Being forced to wear shackles while out of his cell was also likely out of step with the Standard Minimum Rules, which state: “Instruments of restraint, such as handcuffs, chains, irons and strait-jackets, shall never be applied as a punishment.”

Manning’s forced nudity clearly breached the letter and spirit of the Standard Minimum Rules’ stipulation that “An untried prisoner shall be allowed to wear his own clothing if it is clean and suitable.”

At the time of some of Manning’s most egregious treatment at the hands of his captors, the international community rallied to his defense, issuing strongly worded condemnations of U.S. actions which seemed to have a real effect in improving his living conditions.

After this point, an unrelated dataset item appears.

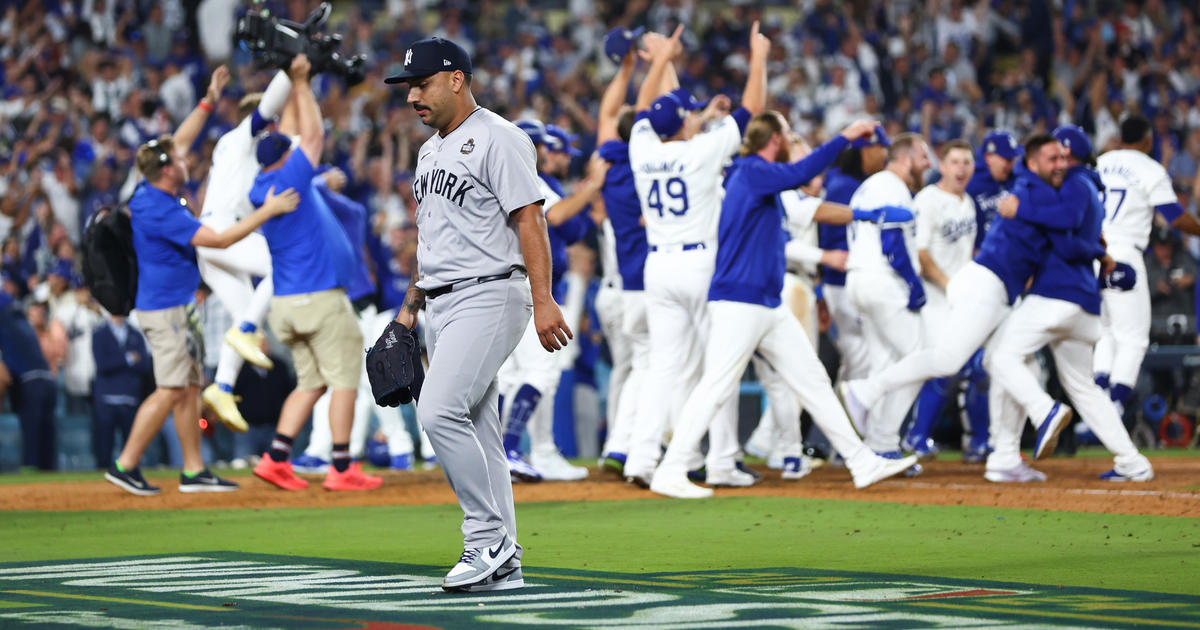 Yankees fall to Dodgers in 10th inning of World Series Game 1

In January 2011, for example, while Manning was being held in prolonged solitary confinement, Amnesty International sent a letter to Defense Secretary Robert Gates, calling Manning’s detention “unnecessarily harsh and punitive” and in “breach of the USA’s obligations under international standards and treaties.”

According to Amnesty:

The conditions under which PFC Manning is held appear to breach the USA’s obligations under international standards and treaties, including Article 10 of the International Covenant on Civil and Political Rights (ICCPR) which the USA ratified in 1992 and which states that “all persons deprived of their liberty shall be treated with humanity and with respect for the inherent dignity of the human person”. The UN Human Rights Committee, the ICCPR monitoring body, has noted in its General Comment on Article 10 that persons deprived of their liberty may not be “subjected to any hardship or constraint other than that resulting from the deprivation of liberty; respect for the dignity of such persons must be guaranteed under the same conditions as for that of free persons …”.

In an open letter to President Obama, members of Congress and Pentagon officials in November 2011, members of the European Parliament expressed concern that “Manning has been subjected to prolonged solitary confinement and other abusive treatment tantamount to torture.”

Manning’s solitary confinement regime “constitute[d] at a minimum cruel, inhuman and degrading treatment in violation of article 16 of the convention against torture,” according to Juan Mendez, the UN Special Rapporteur on Torture. “If the effects in regards to pain and suffering inflicted on Manning were more severe, they could constitute torture,” he told the Guardian in 2012.

Largely in response to this international pressure, Manning was removed from solitary confinement and placed in medium security at Fort Leavenworth prison in April 2011.

Even the military judge, Col. Denise Lind, eventually agreed that the treatment he received was “more rigorous than necessary.”  At a pre-trial hearing in January 2013, she ruled that Manning had been subjected to illegal pre-trial punishment while held in a military prison in Quantico, Virginia.

Despite his supporters’ pleas that the remedy for this unlawful treatment should be immediate release from prison, Lind instead simply credited a total of 112 days toward any potential prison sentence Manning receives if convicted. (What this means if he receives a death sentence or life without parole is unclear.)

Unfortunately, since the partial victory in 2011 that resulted in slightly improved living conditions for the accused whistleblower, the international community and leading human rights organizations have largely remained silent over Manning’s case.

As David Cronin recently pointed out at CounterPunch,

Catherine Ashton, the EU’s foreign policy chief, is a fearless defender of human rights – when it suits her. Happy to champion political prisoners in Iran and Ukraine, she is prepared to overlook persecution when it is carried out with the approval of her bosom buddies in Washington.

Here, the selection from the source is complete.